(Given data Opens)

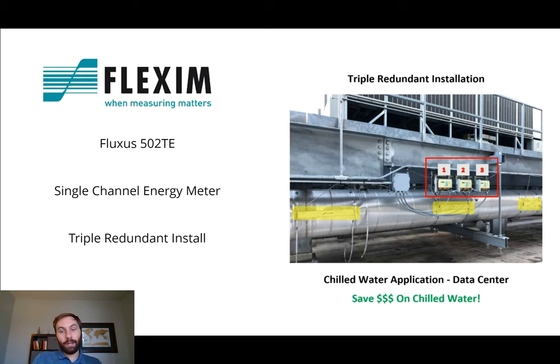This is an example of a data center where chilled water is extremely important. If the water is not cold enough, then the computer systems — the data center itself — will not perform correctly, and it can cause shutdown, which is catastrophic for data centers. So they choose a triple-redundant install, usually. As you can see here, this is the 502TE that's installed — you have three separate flow computers on the same line for triple-redundancy, single-channel energy meter. Many other applications outside of data centers can get away with using just one energy meter, but for data centers, a lot of them require triple-redundancy just to make sure there's never any downtime.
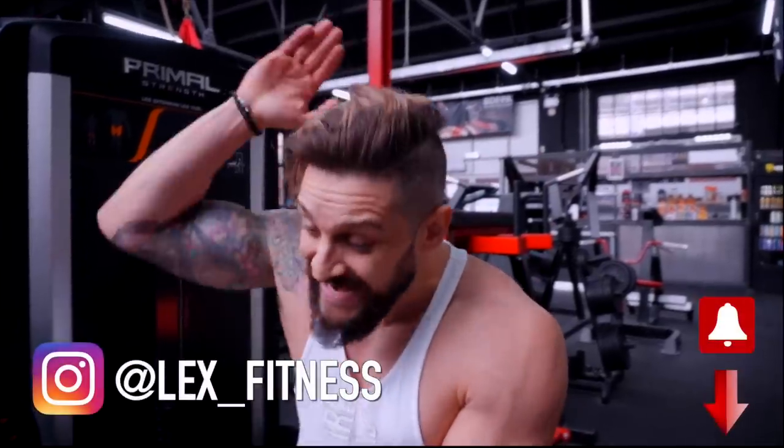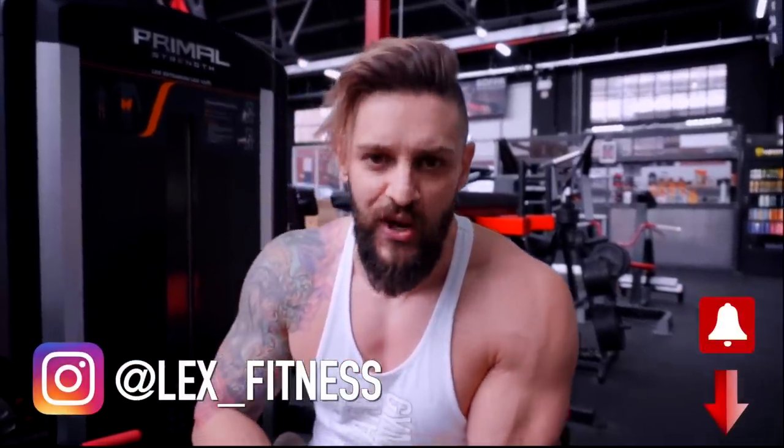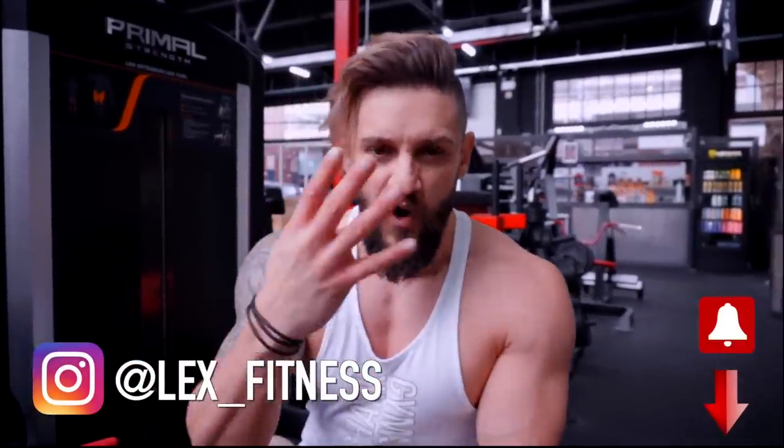I hope you've enjoyed this episode. This has been time under tension training — five seconds, four phases to a bigger, better you. Catch me in the next episode. If you have any comments, make sure to leave them down below. Hit that notification bell to make sure you're notified of all these videos so you don't miss out on anything. I'm Lex and I'll catch you in the next one.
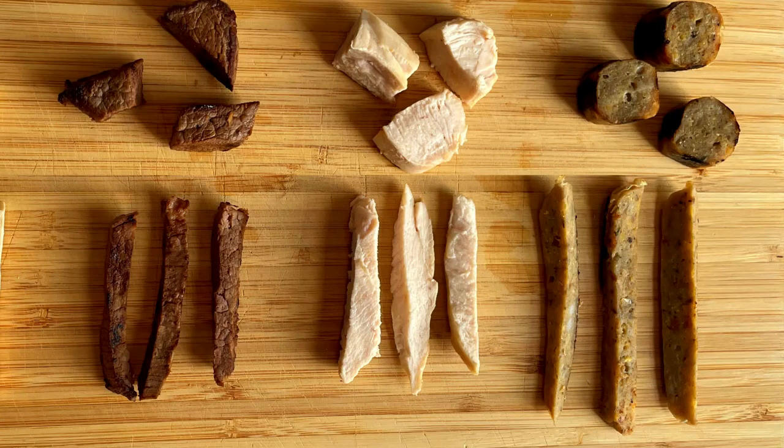With regards to meat and fish, be sure to remove any bones, skin and fatty bits to make it easier for little ones to manage, and cut meat into strips as thinly as possible.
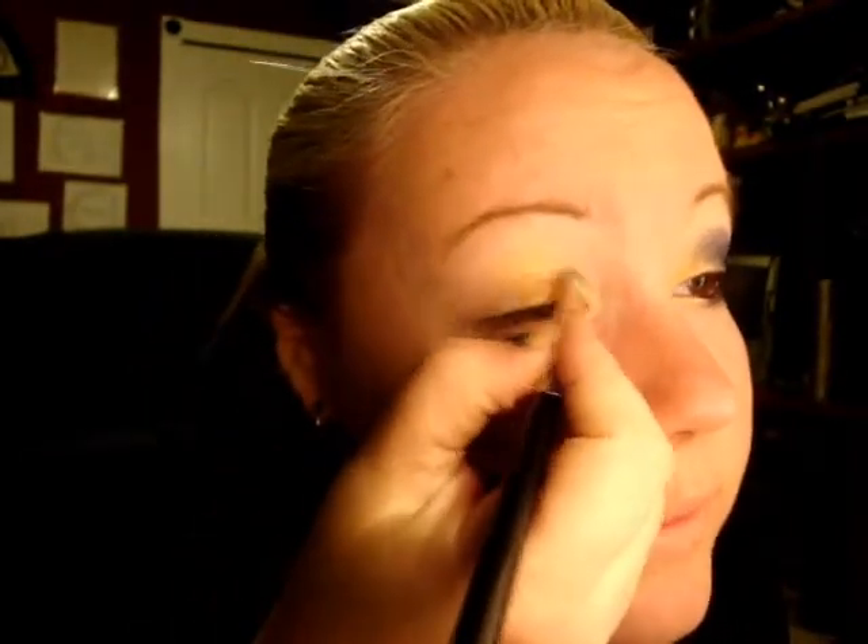And of course, I did my eyebrows. I use the same base — I always put it on before I start my videos — but it's MAC Prep and Prime. You can use whatever base you like to use or prefer.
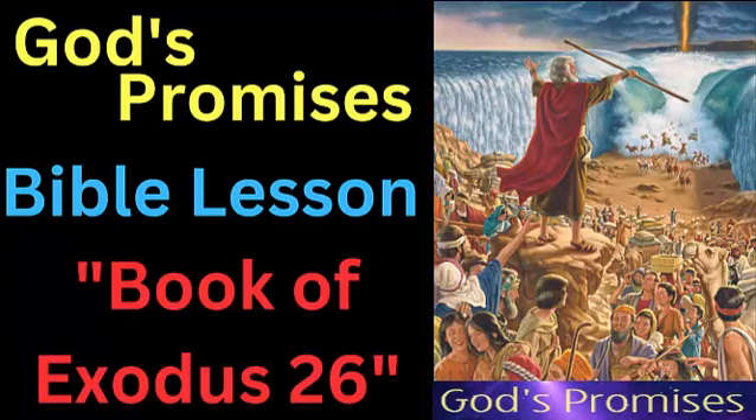Verses 1 to 6: The chapter begins by describing the materials that should be used to construct the tabernacle, including fine linen, blue, purple, and scarlet yarns and goat's hair. The tabernacle was to consist of ten curtains made of fine linen, embroidered with blue, purple, and scarlet yarns and cherubim. Each curtain was to be 28 cubits long and four cubits wide. Five curtains were to be joined together to form one set, and the other five curtains were to be joined together to form a second set.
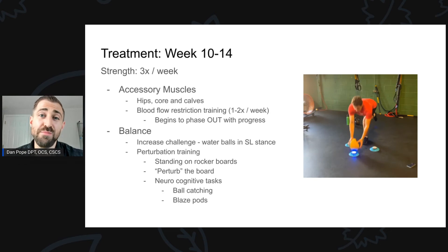In terms of accessory muscles — hips, core, and calves — we continue training these around three times per week, hitting them one or maybe two times per session. We're not hitting them every single day, but keeping them strong over the course of time. If you notice one accessory muscle is particularly weak, like hip abduction, make the argument for keeping that in the program a bit more. In terms of blood flow restriction training, we're starting to phase out the BFR in favor of movements more specific to the sport the patient is getting back to — in this case, skiing.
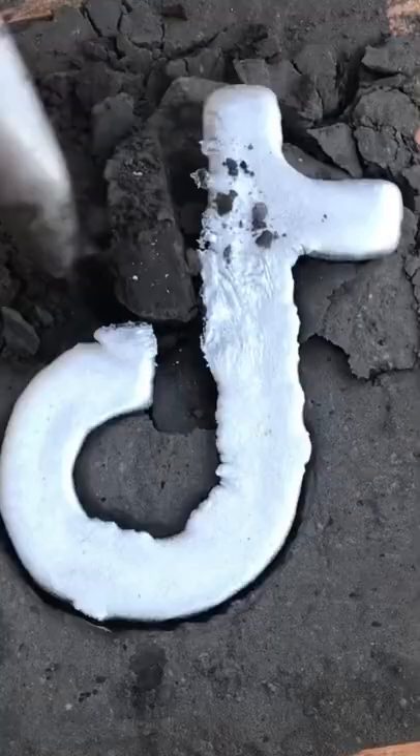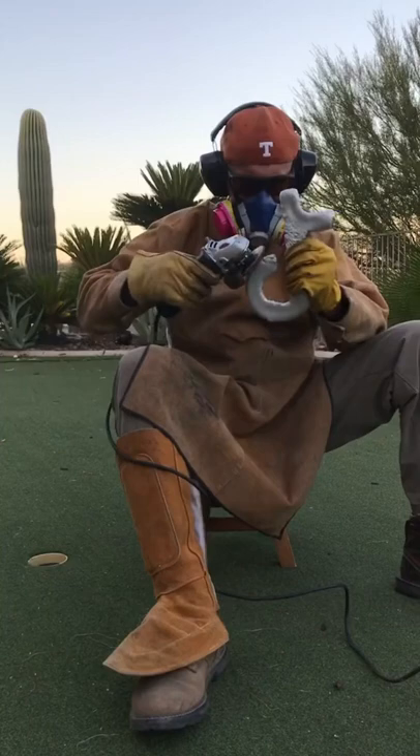Once cooled, I will take the metal out of the sand, polish and grind it, and the final product is really cool.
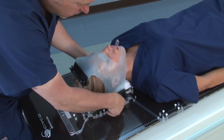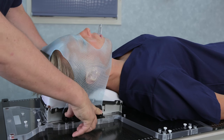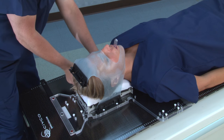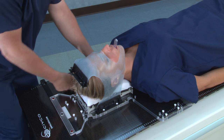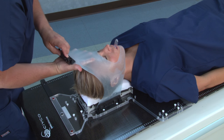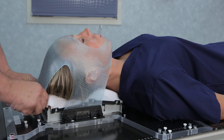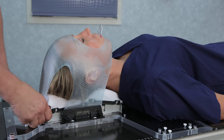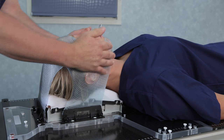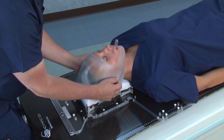Pull the sides of the mask down. Make sure the bottom of the mask is slightly over the chin, and then lock down the side pieces. Pull the top portion of the mask down over the top of the head and lock it down. Make sure the top portion of the mask is formed just above the patient's eyebrows. Then, mold the mask around the patient's ears and under the chin. This will help with superior and inferior reproducibility.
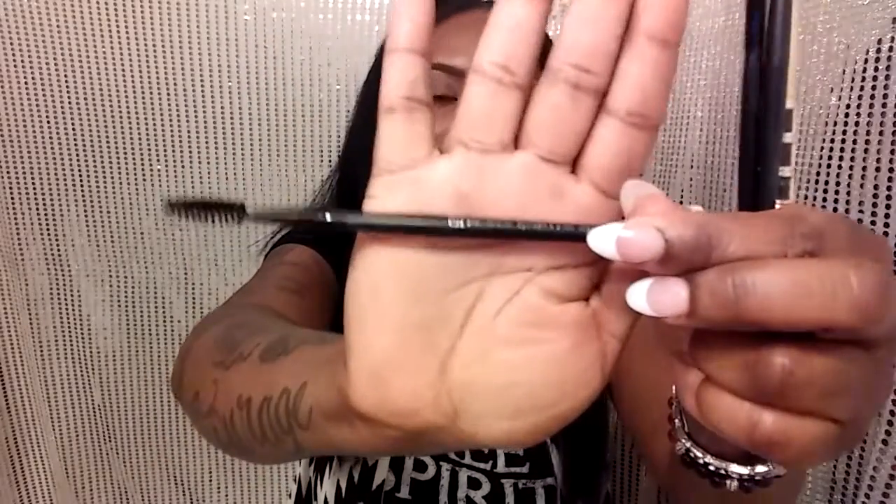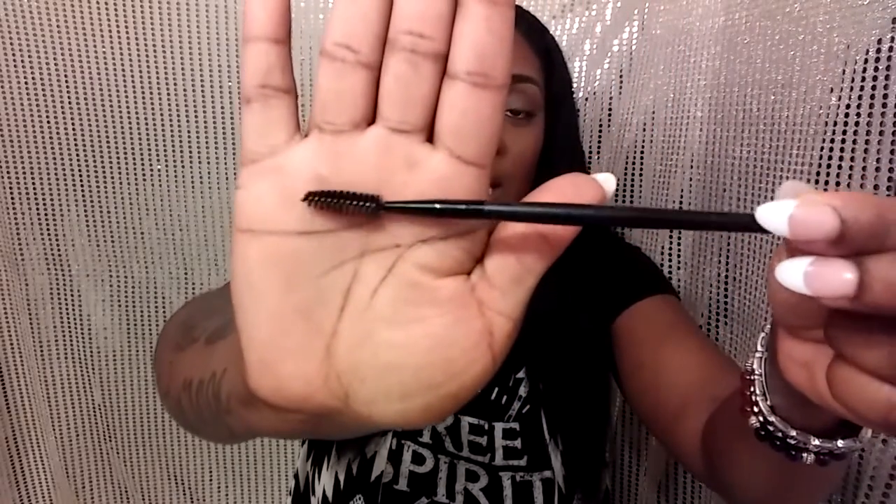First things first are my tools of choice. I have several different tools but I gravitate to these most often — a couple of ELF brushes and a Sonia K brush. First, I like to keep this eyelash brow wand, or spoolie — it looks like this, it's by ELF — to keep my brows groomed and in place. I'd definitely encourage you to get one of these to achieve any eyebrow look, because it'll help brush those hairs in place and make it easier to achieve your desired arch.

(Given data Closes)

# Your instructions:
Starting at the line above that holds "With regards to", repeat every line exactly down to and including the line that holds "Verses 1 to", then stop. Do not carry over any pictures.

# Problem solution:
With regards to meat and fish, be sure to remove any bones, skin and fatty bits to make it easier for little ones to manage, and cut meat into strips as thinly as possible.
And of course, I did my eyebrows. I use the same base — I always put it on before I start my videos — but it's MAC Prep and Prime. You can use whatever base you like to use or prefer.
Verses 1 to 6: The chapter begins by describing the materials that should be used to construct the tabernacle, including fine linen, blue, purple, and scarlet yarns and goat's hair. The tabernacle was to consist of ten curtains made of fine linen, embroidered with blue, purple, and scarlet yarns and cherubim. Each curtain was to be 28 cubits long and four cubits wide. Five curtains were to be joined together to form one set, and the other five curtains were to be joined together to form a second set.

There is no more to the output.